Much of this library is generic (can be applied to any transformer model). As a "real-world" testbed to help refine this library we use models trained to perform integer addition and subtraction (e.g. 133357+182243=+0315600 and 123450-345670=-0123230). Arithmetic-specific algorithm sub-task searches are defined (e.g. Base Add, Use Sum 9, Make Carry, Base Subtract, Borrow One). Addition and Subtraction hypothesises are described and evaluated in the Colab notebook QuantaMathsAnalyse.ipynb. Arithmetic-specific python code is in files like maths_config.py.
This library contains files:
-
Notebooks: Jupyter notebooks which are run in Google Colab or Jupyter:
- Train: Colab QuantaMathsTrain.ipynb is used to train transformer arithmetic models.
- Outputs pth and json files that are (manually) stored on HuggingFace
- Analysis: Colab QuantaMathsAnalyse.ipynb is used to analyze the behavior and algorithm sub-tasks of transformer arithmetic models
- Inputs pth files (generated above) from HuggingFace
- Outputs *_behavior and *_algorithm json files that are (manually) stored on HuggingFace
- Algorithm: Colab QuantaMathsAlgorithm.ipynb describes/tests an overall algorithm for a model (based on behavior and algorithm sub-tasks data)

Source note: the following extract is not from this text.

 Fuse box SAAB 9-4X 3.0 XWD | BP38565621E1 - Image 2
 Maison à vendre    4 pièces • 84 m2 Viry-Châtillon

- Inputs *_behavior and *_algorithm json files (generated above) from HuggingFace
- Train: Colab QuantaMathsTrain.ipynb is used to train transformer arithmetic models.
-
QuantaMechInterp: Python library code imported into the notebooks:
- model_*.py: Contains the configuration of the transformer model being trained/analysed. Includes class ModelConfig
- useful_*.py: Contains data on the useful token positions and useful nodes (attention heads and MLP neurons) that the model uses in predictions. Includes class UsefulConfig derived from ModelConfig. Refer Useful_Tags for more detail.
- algo_*.py: Contains tools to support declaring and validating a model algorithm. Includes class AlgoConfig derived from UsefulConfig.
- quanta_*.py: Contains categorisations of model behavior (aka quanta), with ways to detect, filter and graph them. Refer Filter for more detail.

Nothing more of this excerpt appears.